うちの隣には変なおっさんがいる。「こら。こおら。ああっ! イタッ!」。延々とそういう喚き声が聞こえてくる。やつは何をしているか。犬と話しているのである。僕がそれを確信したのは次のような言葉が漏れ聞こえてきた時だ。「おまえ今カミカミしただろう」。
石垣には変なやつが大勢いる。インドといい勝負ではなかろうか。理性や常識のたがが外れているというか。個人的には親近感を抱くけど。みんながみんなルールに縛られて同じことをしていたらつまらない。日本人ってそういう約束事を子どもの頃から叩き込まれますからね。まわりに合わせろ、目立つな、自分の意見を持つな。実際、出る杭は打たれるわけだし。打たれて、さらし者にされ、のけ者にされる。まわりを窺って生きるようになる。どこに行ってもグループの輪に入り、レールから外れることを恐怖し、運命のいたずらによりて一人になってしまったら途方に暮れる。
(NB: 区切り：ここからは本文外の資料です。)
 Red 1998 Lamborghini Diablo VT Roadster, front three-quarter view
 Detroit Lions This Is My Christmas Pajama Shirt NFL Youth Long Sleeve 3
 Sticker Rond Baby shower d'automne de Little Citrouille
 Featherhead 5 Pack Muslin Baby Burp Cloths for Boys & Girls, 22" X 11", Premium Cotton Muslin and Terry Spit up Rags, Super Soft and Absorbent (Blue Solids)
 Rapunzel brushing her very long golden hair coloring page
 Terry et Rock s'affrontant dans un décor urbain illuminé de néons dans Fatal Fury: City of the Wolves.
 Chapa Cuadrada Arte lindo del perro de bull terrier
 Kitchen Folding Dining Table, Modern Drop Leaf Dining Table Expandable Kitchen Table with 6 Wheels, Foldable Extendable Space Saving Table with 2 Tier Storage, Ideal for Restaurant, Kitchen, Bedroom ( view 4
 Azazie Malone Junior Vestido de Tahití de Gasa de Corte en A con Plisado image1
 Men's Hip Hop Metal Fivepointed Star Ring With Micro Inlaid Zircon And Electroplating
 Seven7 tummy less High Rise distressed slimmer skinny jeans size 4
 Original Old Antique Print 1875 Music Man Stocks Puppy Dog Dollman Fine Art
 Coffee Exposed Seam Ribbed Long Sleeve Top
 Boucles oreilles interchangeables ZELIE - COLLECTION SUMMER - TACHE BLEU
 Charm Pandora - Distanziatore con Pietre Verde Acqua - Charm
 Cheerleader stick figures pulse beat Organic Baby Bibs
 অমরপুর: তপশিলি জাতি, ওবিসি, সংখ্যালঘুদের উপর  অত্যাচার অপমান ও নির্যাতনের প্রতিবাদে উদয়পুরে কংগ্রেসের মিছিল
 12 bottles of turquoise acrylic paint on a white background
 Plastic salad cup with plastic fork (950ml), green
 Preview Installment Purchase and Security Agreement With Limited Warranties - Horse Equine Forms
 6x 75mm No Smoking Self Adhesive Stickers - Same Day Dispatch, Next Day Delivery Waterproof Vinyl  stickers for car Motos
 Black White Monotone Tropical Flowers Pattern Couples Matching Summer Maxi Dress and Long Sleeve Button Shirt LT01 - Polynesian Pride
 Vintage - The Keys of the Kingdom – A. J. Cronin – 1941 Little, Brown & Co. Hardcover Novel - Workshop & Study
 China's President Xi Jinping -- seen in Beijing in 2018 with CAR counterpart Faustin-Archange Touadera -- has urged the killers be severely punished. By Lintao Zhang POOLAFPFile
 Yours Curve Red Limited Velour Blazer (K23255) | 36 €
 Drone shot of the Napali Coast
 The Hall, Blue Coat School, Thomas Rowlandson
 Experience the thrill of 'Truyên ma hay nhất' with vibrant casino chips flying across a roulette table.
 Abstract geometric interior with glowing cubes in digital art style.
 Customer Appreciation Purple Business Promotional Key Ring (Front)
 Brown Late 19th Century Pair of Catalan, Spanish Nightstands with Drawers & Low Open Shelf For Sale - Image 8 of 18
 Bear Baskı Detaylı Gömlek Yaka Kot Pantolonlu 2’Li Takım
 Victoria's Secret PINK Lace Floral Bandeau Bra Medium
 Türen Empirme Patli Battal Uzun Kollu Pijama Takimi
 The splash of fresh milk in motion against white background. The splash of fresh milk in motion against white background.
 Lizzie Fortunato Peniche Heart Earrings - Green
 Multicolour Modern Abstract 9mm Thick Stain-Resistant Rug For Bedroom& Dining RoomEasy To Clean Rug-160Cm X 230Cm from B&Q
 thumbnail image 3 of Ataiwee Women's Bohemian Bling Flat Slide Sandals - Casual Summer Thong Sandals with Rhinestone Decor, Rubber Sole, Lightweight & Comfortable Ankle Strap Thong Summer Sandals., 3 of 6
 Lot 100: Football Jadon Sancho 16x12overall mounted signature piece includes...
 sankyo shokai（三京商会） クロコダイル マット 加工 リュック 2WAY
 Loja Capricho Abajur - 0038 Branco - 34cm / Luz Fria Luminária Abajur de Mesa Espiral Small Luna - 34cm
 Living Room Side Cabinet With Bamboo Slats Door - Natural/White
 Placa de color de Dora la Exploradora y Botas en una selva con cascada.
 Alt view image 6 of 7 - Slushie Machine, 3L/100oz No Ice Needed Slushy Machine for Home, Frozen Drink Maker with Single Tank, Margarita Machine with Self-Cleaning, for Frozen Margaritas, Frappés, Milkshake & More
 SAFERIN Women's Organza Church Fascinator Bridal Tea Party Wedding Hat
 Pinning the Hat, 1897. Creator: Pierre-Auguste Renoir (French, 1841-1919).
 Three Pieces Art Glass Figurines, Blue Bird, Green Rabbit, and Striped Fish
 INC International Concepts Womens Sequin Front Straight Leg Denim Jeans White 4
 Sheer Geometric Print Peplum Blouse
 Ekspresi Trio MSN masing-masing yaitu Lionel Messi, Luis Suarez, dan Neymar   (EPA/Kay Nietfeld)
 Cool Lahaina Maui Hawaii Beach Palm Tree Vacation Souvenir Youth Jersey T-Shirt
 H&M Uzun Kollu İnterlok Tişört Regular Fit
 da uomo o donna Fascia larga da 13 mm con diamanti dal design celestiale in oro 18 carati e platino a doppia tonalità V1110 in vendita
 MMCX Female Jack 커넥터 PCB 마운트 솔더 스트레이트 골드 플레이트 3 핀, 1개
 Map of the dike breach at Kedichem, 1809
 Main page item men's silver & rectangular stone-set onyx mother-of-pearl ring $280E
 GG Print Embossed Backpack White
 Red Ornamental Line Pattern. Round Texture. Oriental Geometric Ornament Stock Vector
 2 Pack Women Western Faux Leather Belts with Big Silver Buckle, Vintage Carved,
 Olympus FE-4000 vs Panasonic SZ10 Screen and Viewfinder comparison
何をしていいかわからないし、何が大切なのかも見当がつかない。自分に自信を持てない。空っぽの人間、紙のように薄い存在と化してしまう。判断基準を周囲に頼ることが前提となっている。組織の庇護と命令がないと生きていけない。自由がむしろ耐え難い重荷となる。
しかし石垣には本物の反逆者がいます。あらゆる制約から自由。我が道を行く。一切の疑念を抱かない。興味をお持ちの方は新川の教室へお越しください。15時~16時のレッスンで聞ける可能性が高いです。平日、週末を問わず、庭に出て真剣に犬と対話しています。犬はどうやら噛むことで意思を表明しているようです。常識的に見て、理性の境界を超えるにはまだ早い時間ですが、たぶんそれくらいの時間じゃないと焦点を一つに合わせていられず、16時を過ぎると死線をさまよう状態となるのでしょう。
年季の入った酒飲み。あなたは自由人だ。